Exactly. From your previous comment I had the impression you were acknowledging now what many warned against in the last 2 years and a half (the comments fragility).

Regarding the textarea see:

Previous comment: https://github.com/WordPress/gutenberg/issues/17017#issuecomment-524200900

See also:

19 Mar 2018 https://github.com/WordPress/gutenberg/issues/5698

28 Apr 2017 https://github.com/WordPress/gutenberg/issues/569

paaljoachim commented 4 years ago

How can we move this issue along?

noisysocks commented 4 years ago

How can we move this issue along?

I think let's punt on syntax highlighting and work on improving the problem areas that @mapk identified in his original comment. Design feedback and a final mockup is needed before we can proceed with development.

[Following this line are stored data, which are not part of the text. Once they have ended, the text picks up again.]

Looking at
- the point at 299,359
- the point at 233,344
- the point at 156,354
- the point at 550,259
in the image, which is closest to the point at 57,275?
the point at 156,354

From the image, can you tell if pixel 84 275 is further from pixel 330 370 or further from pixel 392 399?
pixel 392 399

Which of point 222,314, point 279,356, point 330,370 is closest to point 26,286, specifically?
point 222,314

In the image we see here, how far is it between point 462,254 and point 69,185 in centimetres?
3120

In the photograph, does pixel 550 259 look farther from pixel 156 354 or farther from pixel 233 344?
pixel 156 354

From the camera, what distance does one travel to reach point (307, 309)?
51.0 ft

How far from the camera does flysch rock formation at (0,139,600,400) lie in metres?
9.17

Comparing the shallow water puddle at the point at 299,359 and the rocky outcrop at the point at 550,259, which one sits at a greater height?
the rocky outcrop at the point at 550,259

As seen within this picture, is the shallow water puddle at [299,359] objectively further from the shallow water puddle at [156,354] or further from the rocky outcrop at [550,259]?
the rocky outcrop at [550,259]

mapk commented 4 years ago

The Design Team discussed this in today's triage on Slack.

Some next steps to help this move along are:

  1. Add a column for numbered lines as in the initial mockup above.
  2. Remove the borders and allow full width.

Future iterations:

joyously commented 4 years ago

I disagree that the borders should be removed. It should stand out as being different from the visual mode blocks.

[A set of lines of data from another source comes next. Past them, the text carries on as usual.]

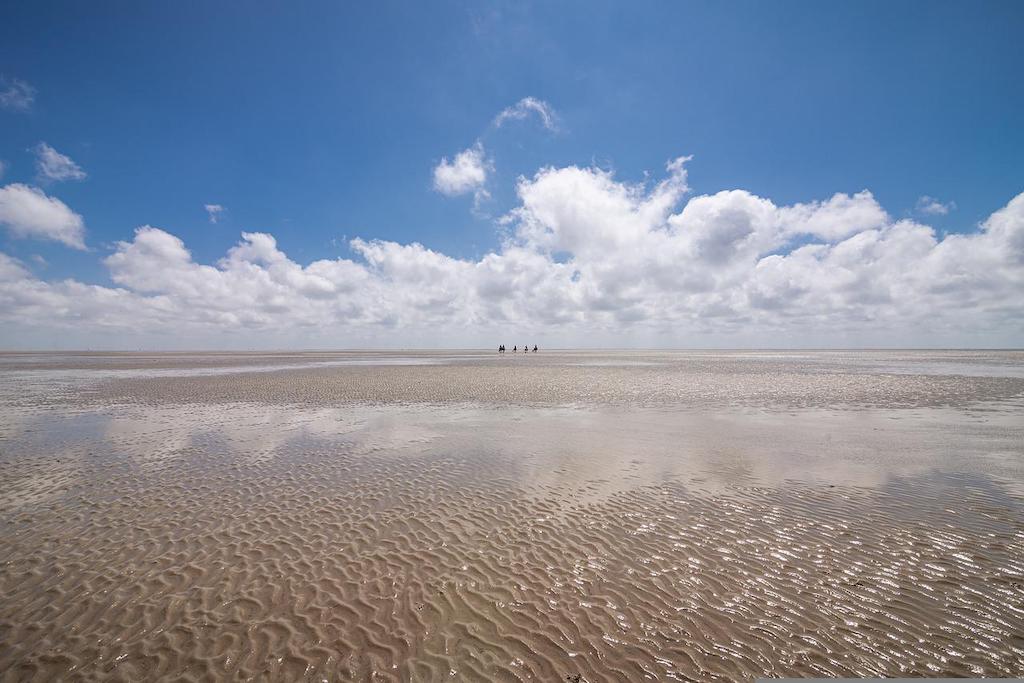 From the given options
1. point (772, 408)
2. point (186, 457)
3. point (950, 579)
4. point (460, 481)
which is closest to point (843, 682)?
point (950, 579)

afercia commented 4 years ago

Accessibility feedback has already been provided in a couple previous comments, see: https://github.com/WordPress/gutenberg/issues/17017#issuecomment-524200900 https://github.com/WordPress/gutenberg/issues/17017#issuecomment-538793694

I see latest feedback from the Design team on https://github.com/WordPress/gutenberg/issues/17017#issuecomment-672068551 asks for something different.

Add a column for numbered lines as in the initial mockup above. Remove the borders and allow full width.

Both features can go in third editing mode. For accessibility and interoperability, it's fundamental there's a simple textarea because that's the only user interface that is guaranteed to work everywhere.

Remove the "Editing code" label at the top.

That's not just plain text. It's a H2 heading which allows for better semantics and content navigation for assistive technologies. As such, I disagree on removing it because it's there for an important purpose.

Remove the "Exit code editor" link and design an alternative way to achieve this. I think it's here to support keyboard navigation, but maybe there's another solution?

I don't see the need to remove that button: it serves a purpose and improves keyboard accessibility. What is the argument to remove it? In what way its removal would improve the user experience?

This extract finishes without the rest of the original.